Event Eagles of Death Metal • The Distillers
City Los Angeles
State California
Venue Henry Fonda Theatre
Date April 26, 2004
What happens when you mix one garishly painted, Spanish Colonial-style Hollywood landmark, a record setting heatwave and the manic, guerrilla grind of the Distillers? Aside from a drenched in sweat, too close to your neighbor cattle call and an architectural sense of history, you experience something unique, something rare. A pure revelatory vibe.

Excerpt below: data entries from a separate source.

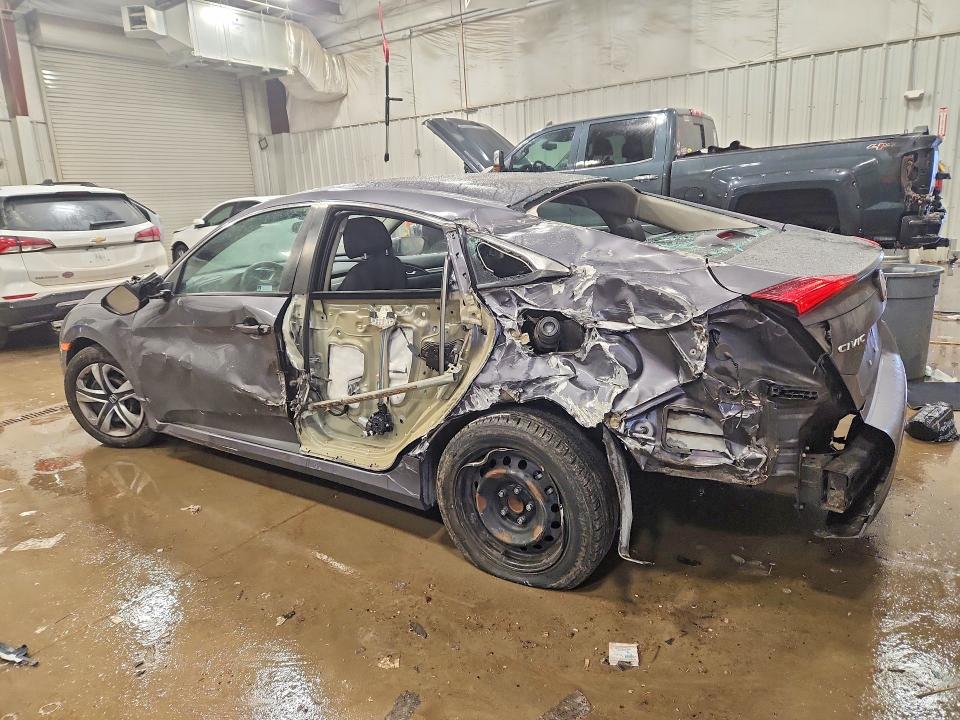 Photo 2 from auction – 2018 HONDA CIVIC with VIN 2HGFC2F54JH587690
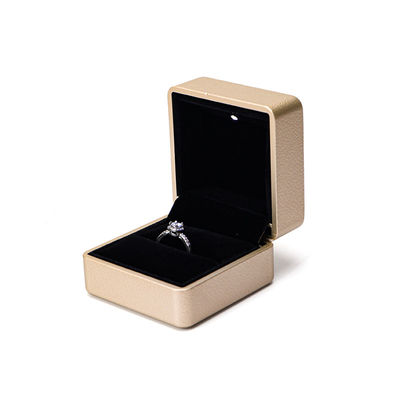 Paket Perhiasan Hanhong Gold Kulit LED Ring Box dengan Silk Screen Print dan Light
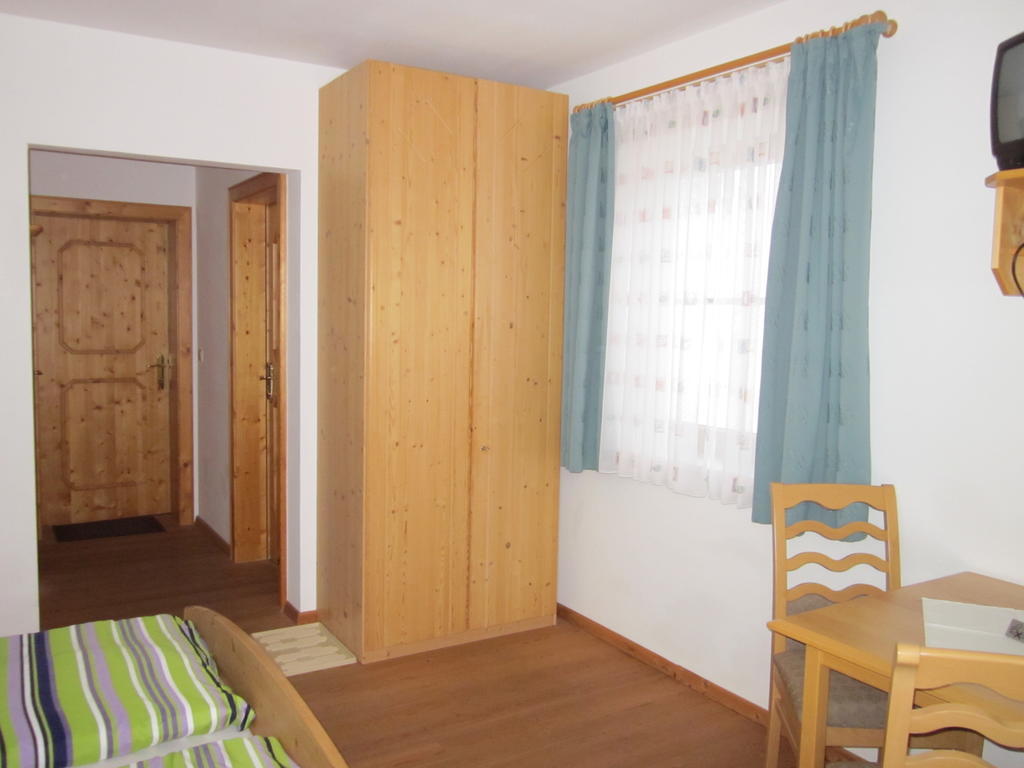 Appartement Zum Roessl Ramsau am Dachstein Kamer foto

Celebrating their third album Coral Fang, The Distillers’ Brody Dalle stomps onstage at The Fonda and fires into their April 26th set by figuratively kicking the audience in the teeth with her ravaged, buzzsaw display of vocal tendencies. Throughout the night, the Australian native shotguns the audience with a mishmash of old and new. From Coral’s pointed “Gallow is God” and “Die on a Rope” to their second album’s warning of apocryphal excess, “City of Angels”, the band doesn’t let up until the final notes of a downright fear inducing “Drain the Blood” encore. Regardless of the aforementioned heat, the audience mosh themselves into a frenzy, while the Distillers segue from song to song led by Dalle and Tony Bradley’s chord-driven charge. But don’t for once think that the band is just one stamping rapid-fire note after another. Dalle’s “Beat Your Heart Out” alone exudes an ethereal-earthy struggle that lesser bands can only dream of.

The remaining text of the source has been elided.